Problem: Repeat precisely the span of lines below that opens with the line containing "CNC GSXR1000 05-06" and closes with the line containing "Suporte wc branco", both included.

Provided data:
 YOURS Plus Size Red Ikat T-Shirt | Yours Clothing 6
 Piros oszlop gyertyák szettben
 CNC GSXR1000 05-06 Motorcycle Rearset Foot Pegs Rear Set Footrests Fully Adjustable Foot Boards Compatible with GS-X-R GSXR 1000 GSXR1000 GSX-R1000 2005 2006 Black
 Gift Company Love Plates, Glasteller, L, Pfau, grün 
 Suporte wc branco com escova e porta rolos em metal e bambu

==

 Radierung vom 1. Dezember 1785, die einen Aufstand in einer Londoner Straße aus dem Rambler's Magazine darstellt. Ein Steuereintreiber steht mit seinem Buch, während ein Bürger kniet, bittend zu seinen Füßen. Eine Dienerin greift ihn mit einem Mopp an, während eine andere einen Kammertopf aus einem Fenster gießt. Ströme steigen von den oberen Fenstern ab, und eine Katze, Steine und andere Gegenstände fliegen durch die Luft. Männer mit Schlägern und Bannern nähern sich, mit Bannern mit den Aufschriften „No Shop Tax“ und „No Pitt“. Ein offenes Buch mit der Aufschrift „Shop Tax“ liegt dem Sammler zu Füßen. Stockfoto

Answer section:
 CNC GSXR1000 05-06 Motorcycle Rearset Foot Pegs Rear Set Footrests Fully Adjustable Foot Boards Compatible with GS-X-R GSXR 1000 GSXR1000 GSX-R1000 2005 2006 Black
 Gift Company Love Plates, Glasteller, L, Pfau, grün 
 Suporte wc branco com escova e porta rolos em metal e bambu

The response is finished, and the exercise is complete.